* **Task requirements**: Search the listing below for the line with "T-SHIRT CÔTELÉ INSCRIPTION", then write out that line and every one after it exactly, without the pictures.

* **Records shown**:
• • •

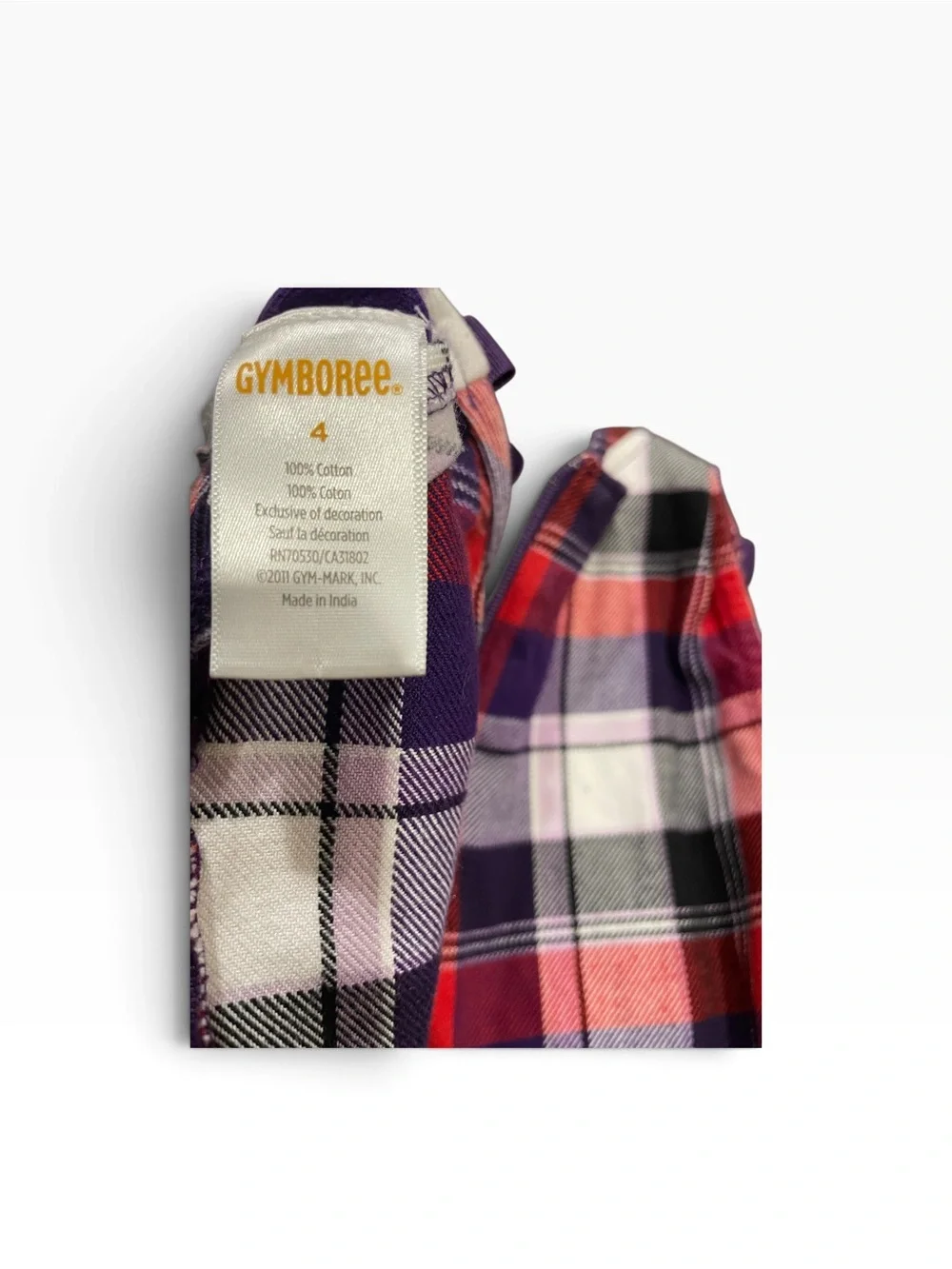 Gymboree Purple and Red Plaid Ruffle Hem Dress Size 4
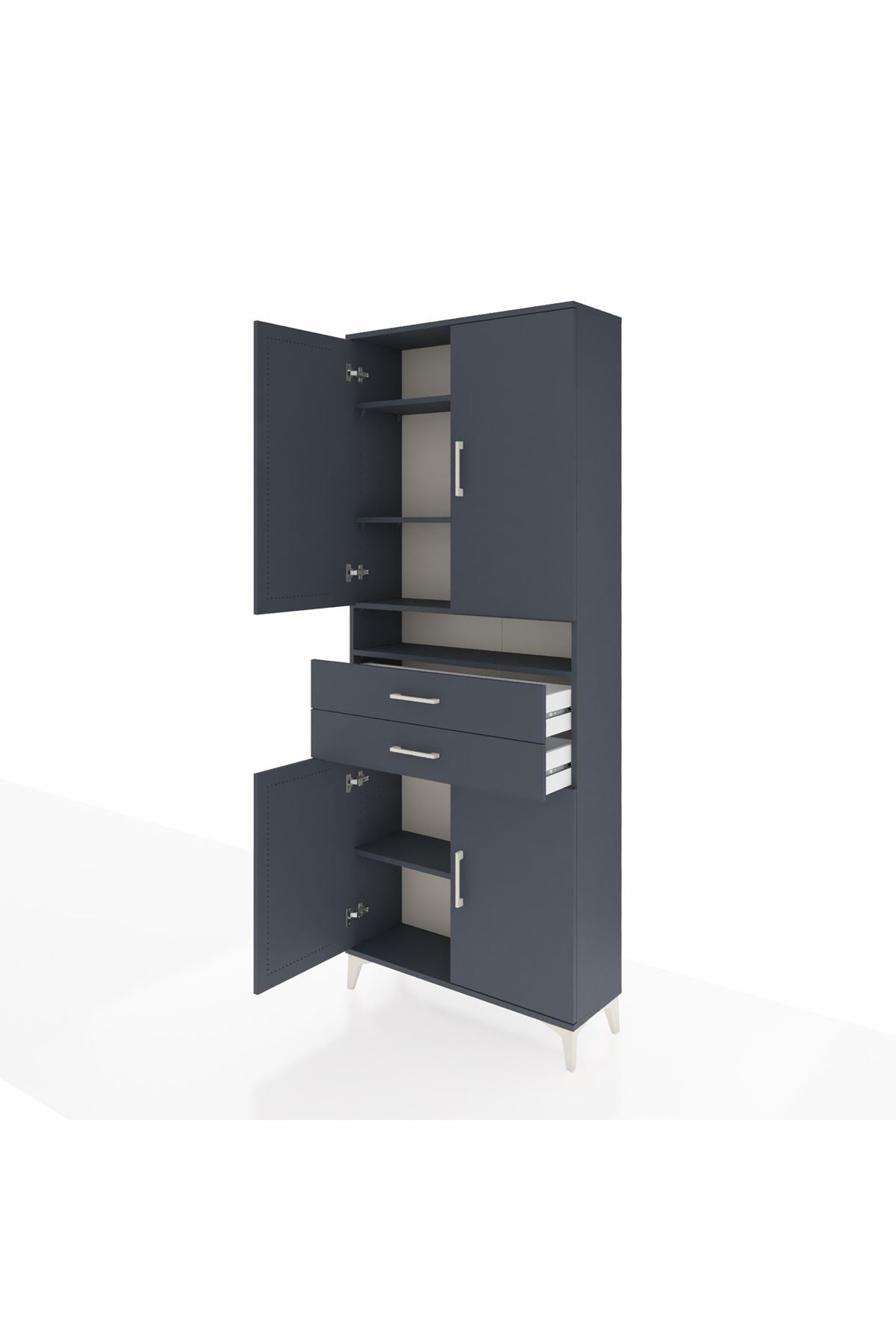 Arges Dolap 5 Raflı 2 Çekmeceli 4 Kapaklı 88x30x221 Antrasit-Antrasit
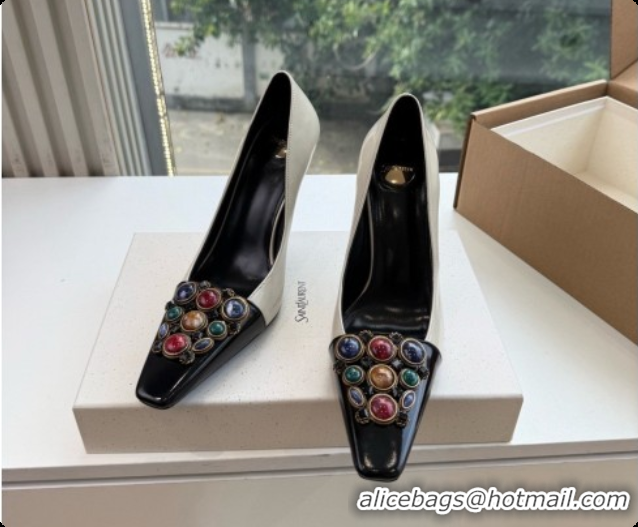 Reasonable Price Saint Laurent ICELAND Pumps in Smooth leather and Crystals Black/White 6091517 2026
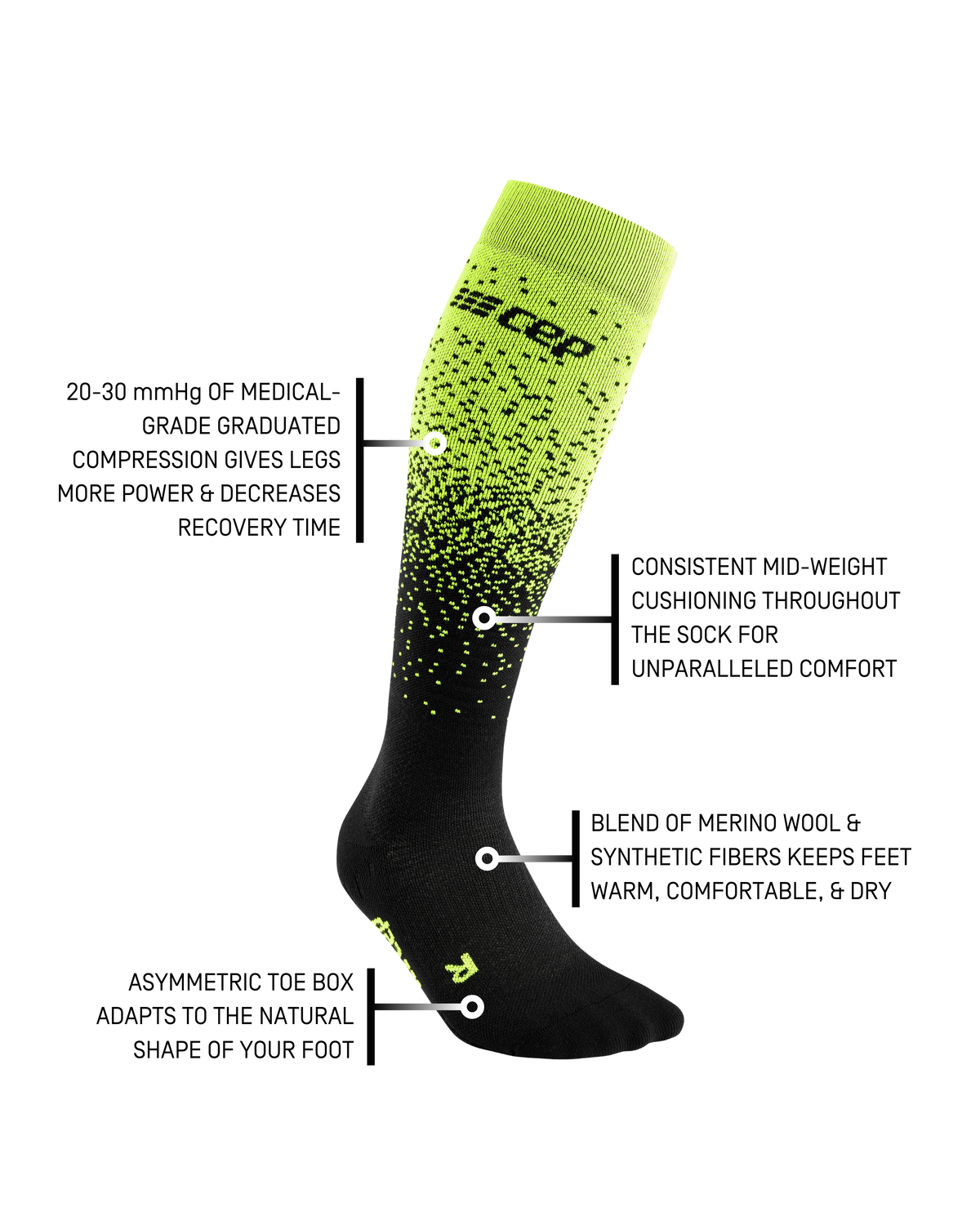Ski Snowfall Tall Compression Socks, Men, Black/Green Snowfall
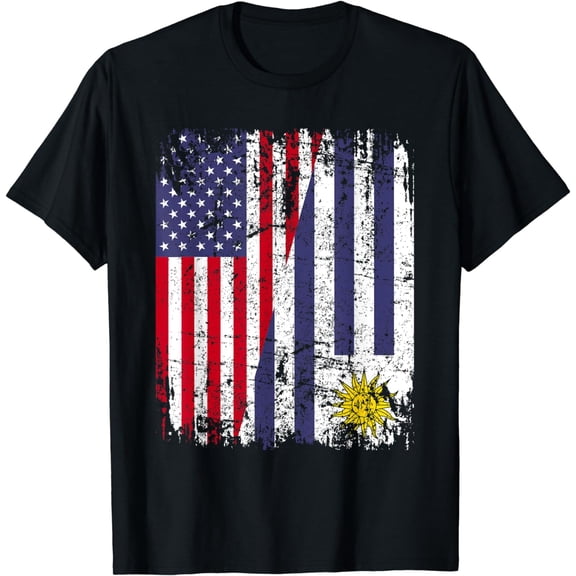 URUGUAYAN ROOTS | Half American Flag | URUGUAY T-Shirt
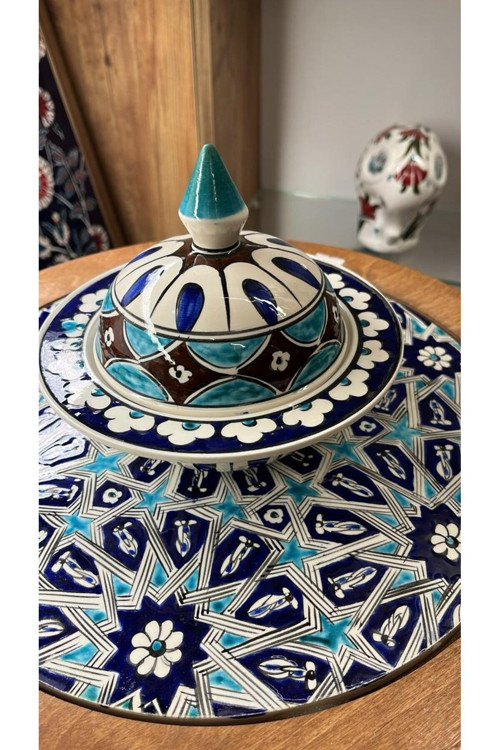 Naturel Glow El Yapımı Iznik Çini Desenli Kapaklı Dekoratif Seramik Şekerlik | Geleneksel Osmanlı Motifli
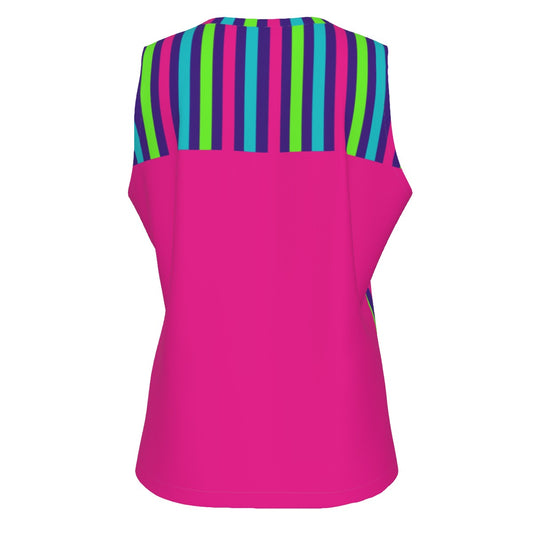 Dizzy Pickle Diana Stripes Women's Pickleball Sleeveless Sports Tank Top Fuchsia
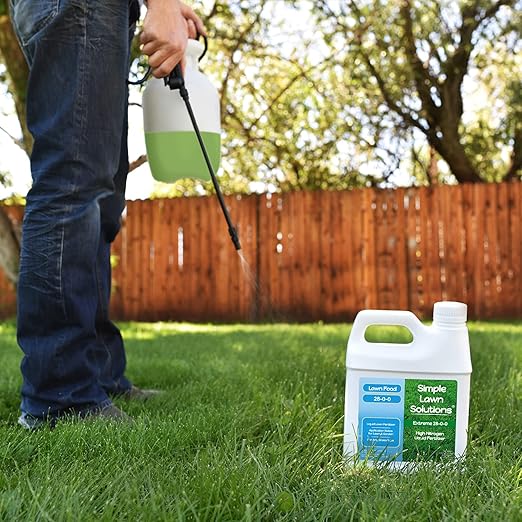 Maximum Green & Growth- High Nitrogen 28-0-0 NPK- Lawn Food Quality Liquid Fertilizer- Spring & Summer- Any Grass Type- Simple Lawn Solutions - Concentrated Quick & Slow Release Formula (1 Quart)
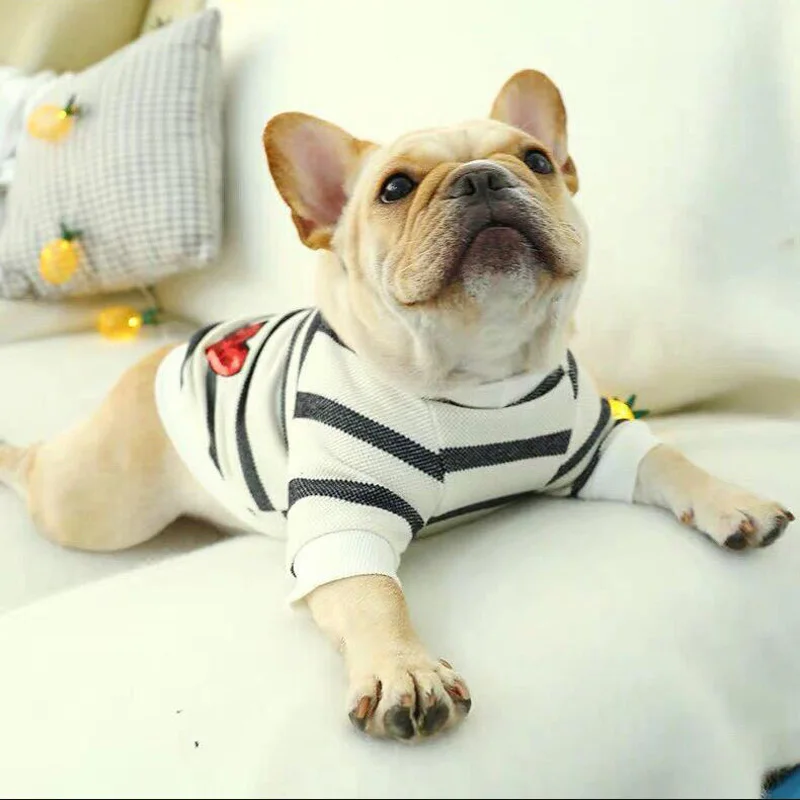 New Style Cotton Pet Dog Clothes Warm Autumn Winter Stripe Dog T-shirt Two-Legged Casual Sweatshirt For French Bulldog Costume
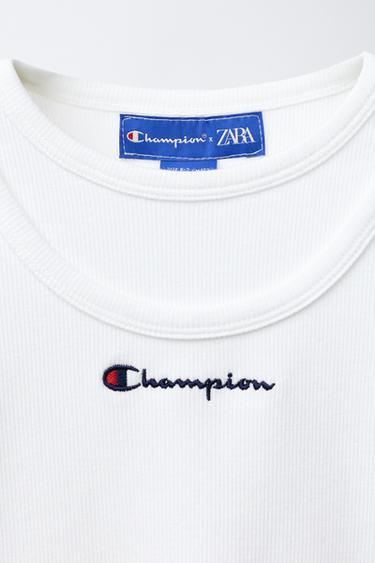 T-SHIRT CÔTELÉ INSCRIPTION CHAMPION ® X ZARA - Blanc de Zara - Image 2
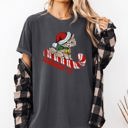 Large Pepper Dark Gray Sleighing It Cute Kitty Cat Christmas Santa Xmas Holiday Cheer Snow Globe Edition Comfort Colors Tee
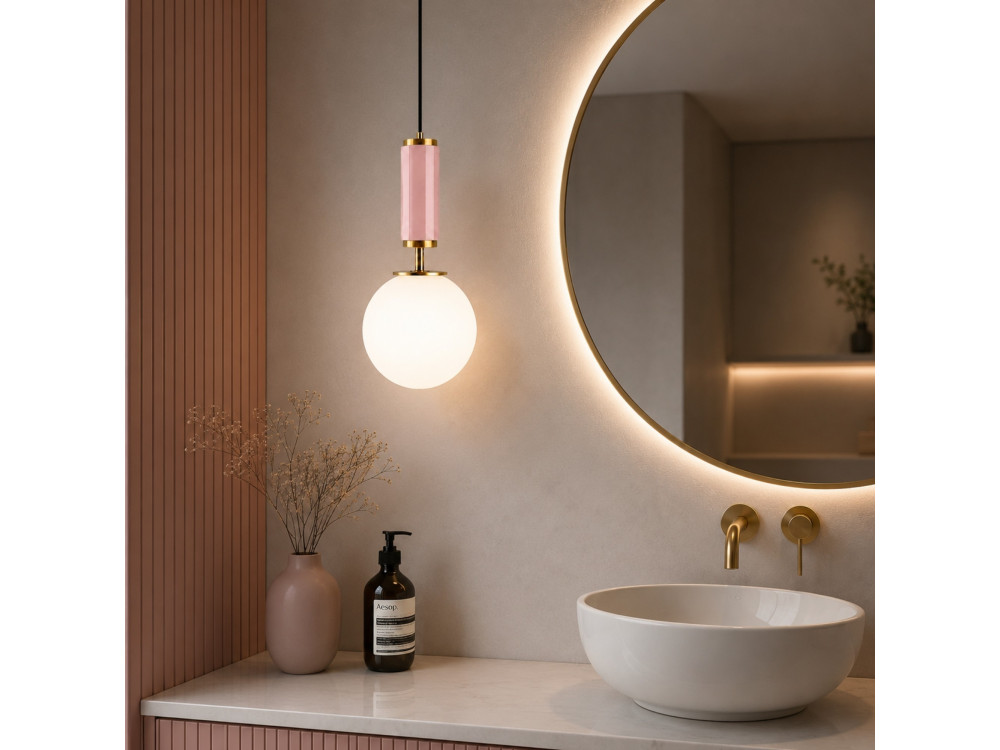 "Moira" Metal Pendant Light - 15 x 15 x 120 cm - Pink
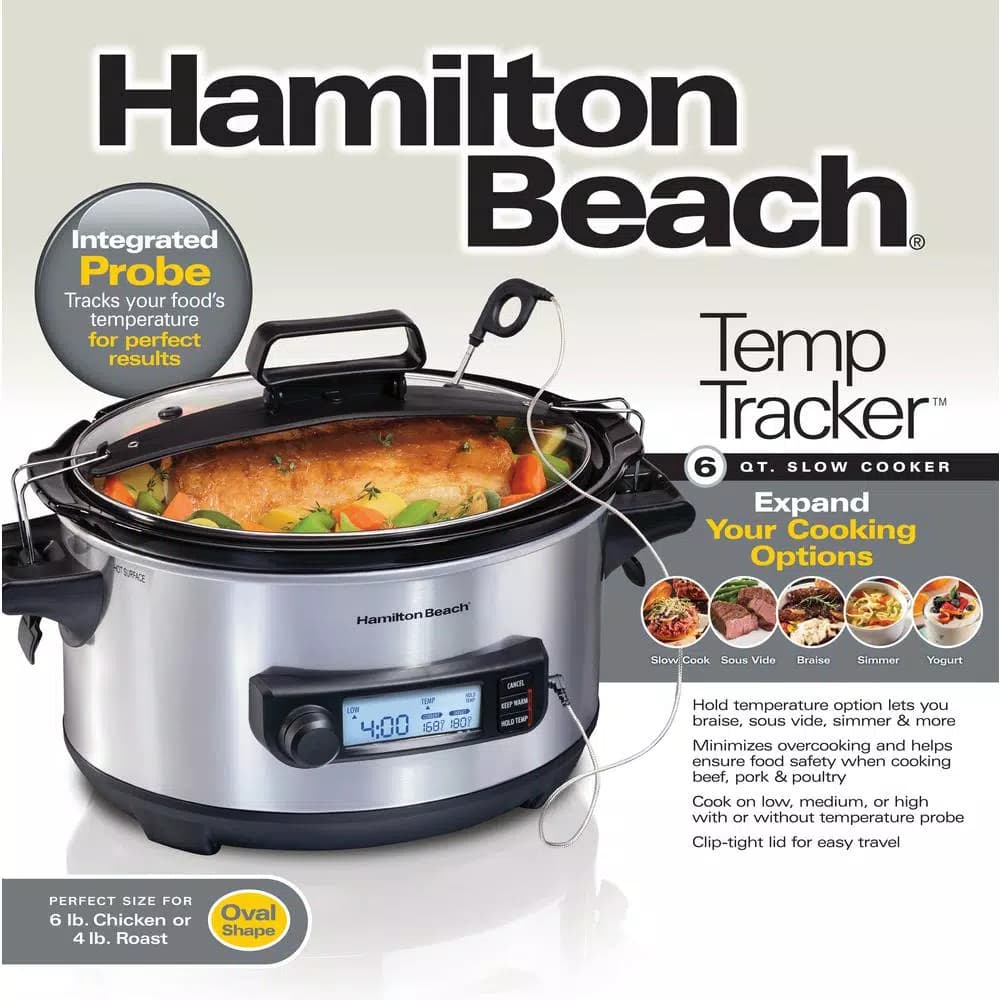 Hamilton Beach 6 Qt. Stainless Steel Slow Cooker with Advanced Temp Tracker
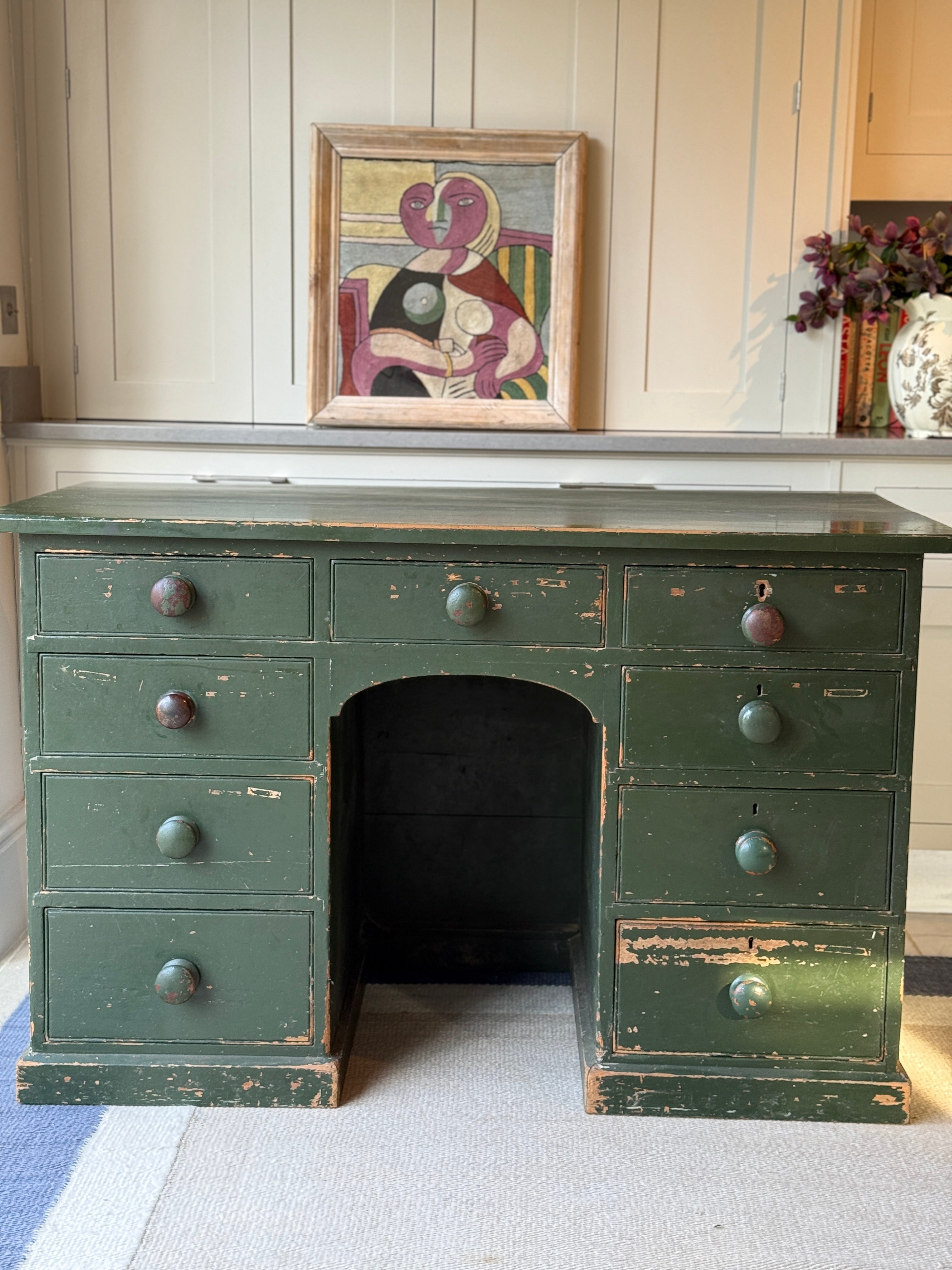 Large Painted Green Desk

• • •

* **Exercise output**:
 T-SHIRT CÔTELÉ INSCRIPTION CHAMPION ® X ZARA - Blanc de Zara - Image 2
 Large Pepper Dark Gray Sleighing It Cute Kitty Cat Christmas Santa Xmas Holiday Cheer Snow Globe Edition Comfort Colors Tee
 "Moira" Metal Pendant Light - 15 x 15 x 120 cm - Pink
 Hamilton Beach 6 Qt. Stainless Steel Slow Cooker with Advanced Temp Tracker
 Large Painted Green Desk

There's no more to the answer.